Spark/Scala – Avro2Parquet HDFS Converter

Posted: January 4, 2022 in Hadoop
Tags: Big data

Prerequisites

OS: Linux (RHEL 7.9)
Hadoop: Cloudera (CDH 6.1.1)
Scala: 2.11.12
Spark: 2.4.0
Authentication via Kerberos
OpenJDK 64-Bit 1.8.0_292

Avro2Parquet

avro2parquet.scala (path: /avro2parquet/src/main/scala/example/)

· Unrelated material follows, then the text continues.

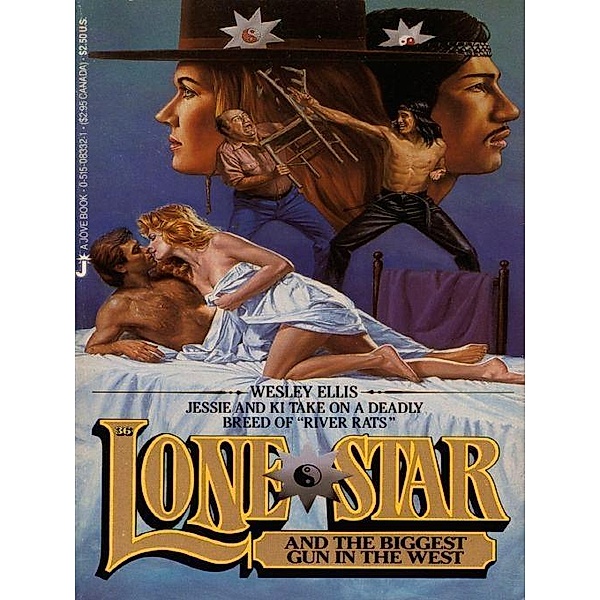 Lone Star 36 / Lone Star Bd.36, Wesley Ellis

package eu.placko.examples.spark

import org.apache.spark.sql.{SaveMode, SparkSession}
import org.apache.hadoop.fs.{Path}

object Avro2Parquet {
def main(args: Array[String]) {
  if (args.length != 2) {
    println("wrong input! usage: /user/<REPLACE>/avro2parquet/avro /user/<REPLACE>/avro2parquet/parquet")
    return
  }

  val avroPath = new Path(args(0))
  val parquetPath = new Path(args(1))

  val spark: SparkSession = SparkSession.builder()
    //.master("local[1]")
    //.master("yarn")
    .appName("Avro2Parquet")
    .getOrCreate()

  spark.sparkContext.setLogLevel("ERROR")

  try {
    //read avro file
    val df = spark.read.format("avro")
      .load(avroPath + "/" + "episodes.avro")
    df.show()
    df.printSchema()

    //convert to parquet
    df.write.mode(SaveMode.Overwrite)
      .parquet(parquetPath + "/" + "episodes.parquet")
  } catch {
    case e: Exception => println("Exception: " + e);
  }
}
}

notes:

https://github.com/apache/hive/blob/master/data/files/episodes.avro

Dependencies.scala (path: /avro2parquet/project/)

import sbt._

object Dependencies {
  val sparkVersion = "2.4.0"
  lazy val sparkAvro = Seq(
    "org.apache.spark" %% "spark-sql" % sparkVersion,
    "org.apache.spark" %%  "spark-avro" % sparkVersion
)}

build.sbt (path: /avro2parquet/)

import Dependencies._

ThisBuild / scalaVersion    := "2.11.12"
ThisBuild / version    := "0.1.0"
ThisBuild / organization    := "eu.placko"
ThisBuild / organizationName    := "examples.spark"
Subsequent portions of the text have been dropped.